L’avenir de notre civilisation en dépend. A coups de suppression des devoirs, de mauvaises mesures qui accroissent les inégalités intellectuelles (à défaut de les amenuiser) et de destruction effrénée du savoir pluriséculaire, les responsables au pouvoir dévalorisent à dessein l’effort intellectuel au profit d’une part, d’un nivellement par le bas, catastrophique pour l’avenir du pays, et, d’autre part, de valeurs consensuelles qui ne souderont, contrairement à ce qu’ils pensent, jamais une nation.

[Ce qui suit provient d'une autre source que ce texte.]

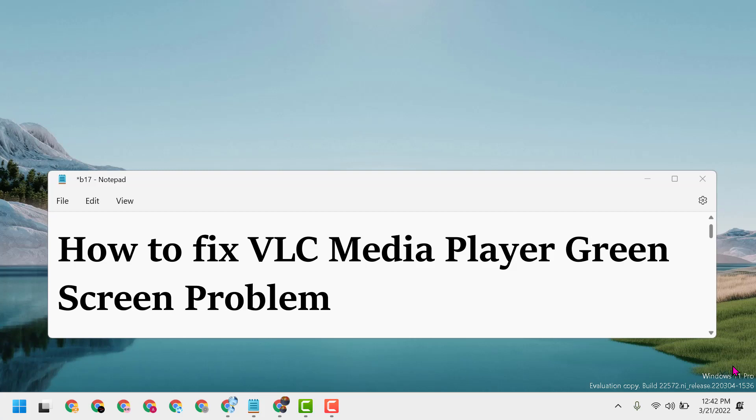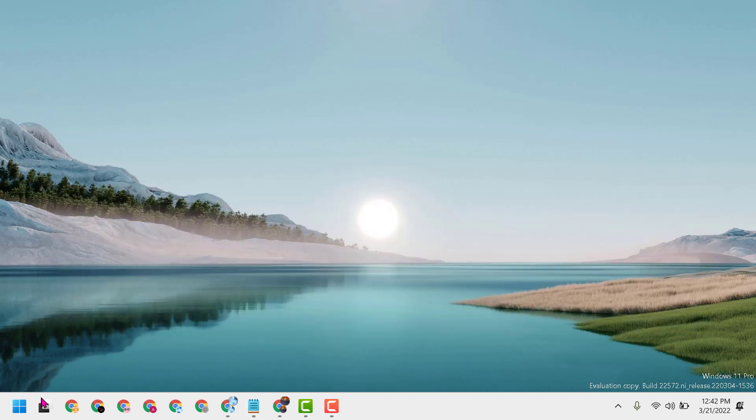Hello friends, today in this video I will show you how to fix VLC Media Player green screen problem. So firstly, open the video where you have the problem.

Le nivellement par le bas intervient à trop vouloir fusionner l’école des trainings et casquettes, oripeaux du laisser-aller, avec celle des uniformes, tenues strictes sonnant comme un appel à l’ordre. Les décrets inscriptions ont dévalorisé l’enseignement et détruit le libre choix des parents. Marie Arena avait la première lancé les hostilités, au nom du progressisme, en fixant une date unique d’inscription dans les écoles secondaires les plus prisées.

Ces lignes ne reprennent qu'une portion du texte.